=== SUPPLIED RECORDS ===

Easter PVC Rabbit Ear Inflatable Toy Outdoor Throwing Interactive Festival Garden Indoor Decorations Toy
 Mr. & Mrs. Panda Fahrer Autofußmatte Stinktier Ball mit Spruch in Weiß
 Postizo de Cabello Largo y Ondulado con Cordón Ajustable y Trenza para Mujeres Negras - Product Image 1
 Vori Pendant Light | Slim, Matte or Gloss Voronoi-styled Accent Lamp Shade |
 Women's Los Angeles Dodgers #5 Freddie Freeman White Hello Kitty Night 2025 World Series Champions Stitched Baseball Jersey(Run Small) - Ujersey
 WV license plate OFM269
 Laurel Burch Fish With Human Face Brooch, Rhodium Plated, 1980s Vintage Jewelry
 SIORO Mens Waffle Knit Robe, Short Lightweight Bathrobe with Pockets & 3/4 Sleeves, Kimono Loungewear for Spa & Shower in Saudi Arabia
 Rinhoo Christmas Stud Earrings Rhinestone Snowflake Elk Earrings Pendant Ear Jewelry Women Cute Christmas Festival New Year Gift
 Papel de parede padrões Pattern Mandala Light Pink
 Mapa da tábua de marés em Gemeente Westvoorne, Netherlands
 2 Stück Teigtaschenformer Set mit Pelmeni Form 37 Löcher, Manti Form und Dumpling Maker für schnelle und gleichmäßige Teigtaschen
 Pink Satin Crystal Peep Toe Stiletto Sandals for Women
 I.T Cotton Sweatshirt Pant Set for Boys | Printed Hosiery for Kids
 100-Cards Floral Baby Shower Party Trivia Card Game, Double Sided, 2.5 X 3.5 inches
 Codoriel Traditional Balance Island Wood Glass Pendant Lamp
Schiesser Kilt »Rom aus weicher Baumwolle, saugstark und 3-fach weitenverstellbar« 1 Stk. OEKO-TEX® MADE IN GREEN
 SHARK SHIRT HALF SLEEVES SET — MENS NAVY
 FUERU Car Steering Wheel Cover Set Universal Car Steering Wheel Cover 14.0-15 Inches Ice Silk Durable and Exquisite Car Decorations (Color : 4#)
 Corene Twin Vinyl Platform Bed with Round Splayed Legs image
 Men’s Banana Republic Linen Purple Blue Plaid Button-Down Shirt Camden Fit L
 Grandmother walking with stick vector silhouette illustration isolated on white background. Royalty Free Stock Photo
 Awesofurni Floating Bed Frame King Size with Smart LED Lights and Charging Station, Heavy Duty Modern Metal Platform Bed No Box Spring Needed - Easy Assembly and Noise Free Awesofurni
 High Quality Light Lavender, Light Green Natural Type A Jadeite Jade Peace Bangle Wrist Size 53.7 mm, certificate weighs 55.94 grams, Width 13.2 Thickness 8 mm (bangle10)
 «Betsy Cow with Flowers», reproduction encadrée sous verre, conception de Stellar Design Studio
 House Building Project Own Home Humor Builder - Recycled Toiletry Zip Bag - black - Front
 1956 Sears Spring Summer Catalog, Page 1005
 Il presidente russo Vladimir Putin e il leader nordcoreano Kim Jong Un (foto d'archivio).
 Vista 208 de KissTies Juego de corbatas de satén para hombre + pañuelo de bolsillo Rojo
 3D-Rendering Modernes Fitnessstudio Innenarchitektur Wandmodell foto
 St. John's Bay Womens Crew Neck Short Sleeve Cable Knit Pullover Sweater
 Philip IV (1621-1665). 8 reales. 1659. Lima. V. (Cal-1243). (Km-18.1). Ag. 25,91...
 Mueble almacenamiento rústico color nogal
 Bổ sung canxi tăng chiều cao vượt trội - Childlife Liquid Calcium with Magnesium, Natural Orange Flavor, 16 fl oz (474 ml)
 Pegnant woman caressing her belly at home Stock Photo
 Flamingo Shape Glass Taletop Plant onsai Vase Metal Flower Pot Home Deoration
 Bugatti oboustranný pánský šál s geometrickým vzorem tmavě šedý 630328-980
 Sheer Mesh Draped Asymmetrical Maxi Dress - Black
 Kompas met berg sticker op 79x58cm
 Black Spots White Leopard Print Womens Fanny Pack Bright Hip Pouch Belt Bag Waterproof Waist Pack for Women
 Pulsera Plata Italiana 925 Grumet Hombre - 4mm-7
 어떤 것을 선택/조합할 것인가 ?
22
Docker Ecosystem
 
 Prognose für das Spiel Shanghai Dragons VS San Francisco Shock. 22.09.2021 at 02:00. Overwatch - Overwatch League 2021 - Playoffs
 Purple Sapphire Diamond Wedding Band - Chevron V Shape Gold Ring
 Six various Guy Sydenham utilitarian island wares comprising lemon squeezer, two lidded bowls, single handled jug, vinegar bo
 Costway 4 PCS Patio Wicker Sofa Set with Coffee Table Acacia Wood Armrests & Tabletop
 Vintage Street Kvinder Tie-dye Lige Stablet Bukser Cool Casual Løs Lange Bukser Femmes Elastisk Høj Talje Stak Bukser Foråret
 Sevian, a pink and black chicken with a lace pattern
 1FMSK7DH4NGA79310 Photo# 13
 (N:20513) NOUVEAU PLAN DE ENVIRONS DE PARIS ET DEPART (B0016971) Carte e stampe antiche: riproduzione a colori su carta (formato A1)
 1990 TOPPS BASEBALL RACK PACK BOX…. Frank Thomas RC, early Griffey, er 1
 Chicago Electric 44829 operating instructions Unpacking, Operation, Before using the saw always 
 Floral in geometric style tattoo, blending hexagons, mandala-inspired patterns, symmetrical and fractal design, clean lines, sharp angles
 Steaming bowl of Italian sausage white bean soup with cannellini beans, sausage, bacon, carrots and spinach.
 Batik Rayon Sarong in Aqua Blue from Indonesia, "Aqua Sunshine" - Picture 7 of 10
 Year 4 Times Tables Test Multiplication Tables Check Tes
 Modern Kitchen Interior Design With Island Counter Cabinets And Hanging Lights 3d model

===

ACTIVITY |
Return all lines of the material that have "Stock" in them.

FINISHED EXERCISE |
 Grandmother walking with stick vector silhouette illustration isolated on white background. Royalty Free Stock Photo
 Pegnant woman caressing her belly at home Stock Photo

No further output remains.